According to WARP, most of the Yankees teams Ruffing pitched for were good-to-excellent fielding teams. (WS agrees about this -- Chris J.'s RSI page for Ruffing shows a positive defensive adjustment for 1934-1942.) The Yankees of the late 1920s and early 1930s were poor-to-average teams defensively, but that changed starting in 1934: they were above average every seasons for the rest of Ruffing's career, and they were a great defensive team in several seasons. His D did help him -- in New York. It was a different story in Boston, of course.
   136. DavidFoss Posted: July 21, 2005 at 03:51 PM (#1488273)
Since most of the electorate values your conversions, that Beckwith hasn't done as well as one would think with his numbers indicated to me that there was either two reasons for his being "held back".

If I recall correctly, Beckwith was one of the first of the cases there Chris's MLE's were strongly used, so there was a bit of a delay in getting his candidacy going as lengthy debates were still going on as to how much weight to put in the MLE's.
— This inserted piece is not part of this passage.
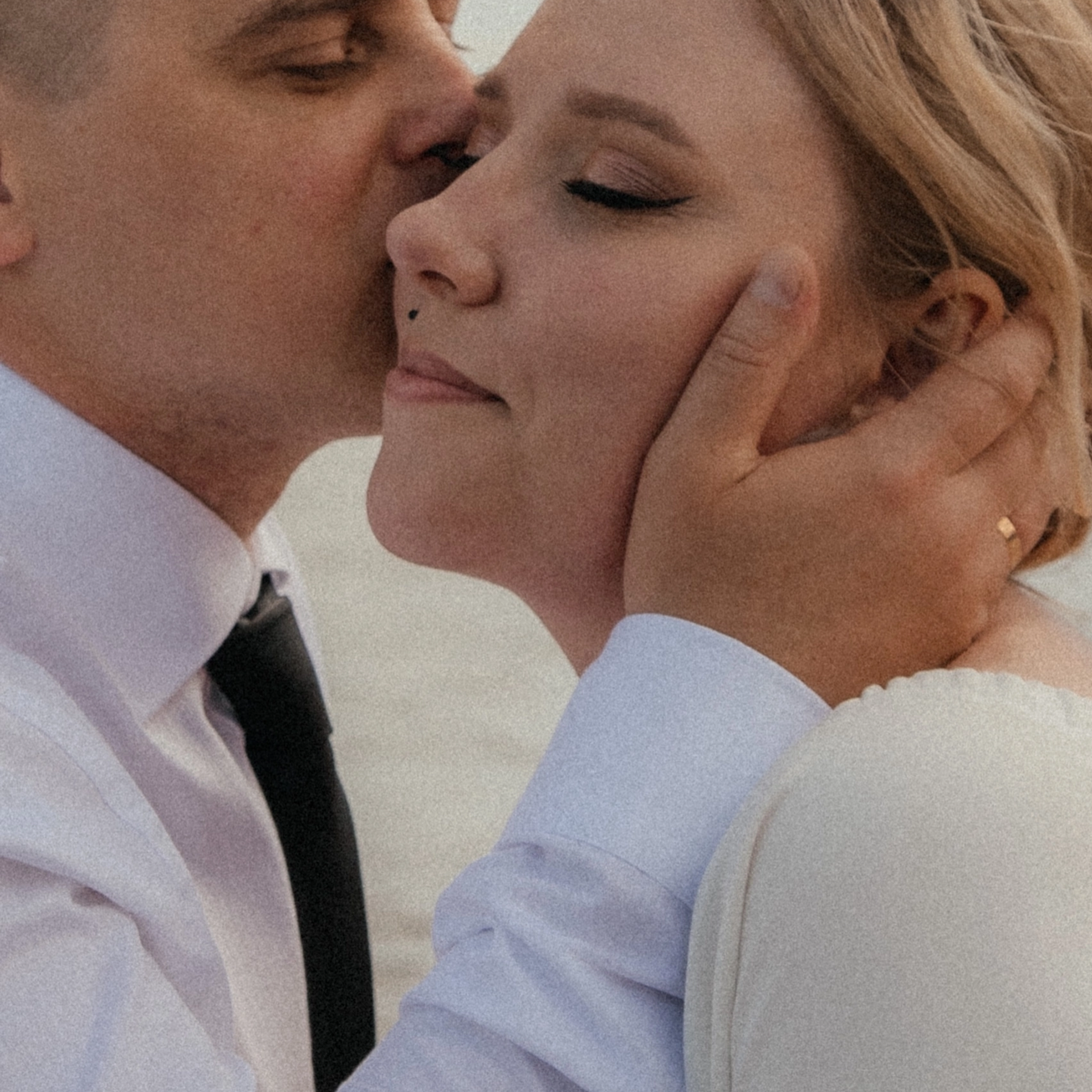 WEDDING. Фотограф Ментюгова Валерия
Beckwith entered the ballot in 1940 (Pike's year) way down at 14th -- that's also below Sewell, Rixey, Jennings, Griffith, Sisler, Beckley, Leach, Van Haltren, Waddell, Duffy and Welch.

In 1941, he jumped over Duffy and Welch but was still far below newly eligible Vance.

In 1942, he made his move up to 5th but still trailed Vance, Terry, Rixey and Sewell.

By 1943, he had passed Rixey and Sewell and had solidified his spot at the top of the backlog (joined later there by Suttles). Its quite reasonable that even given what we know now that if he wasn't inducted by 1943 that he's still be eligible today.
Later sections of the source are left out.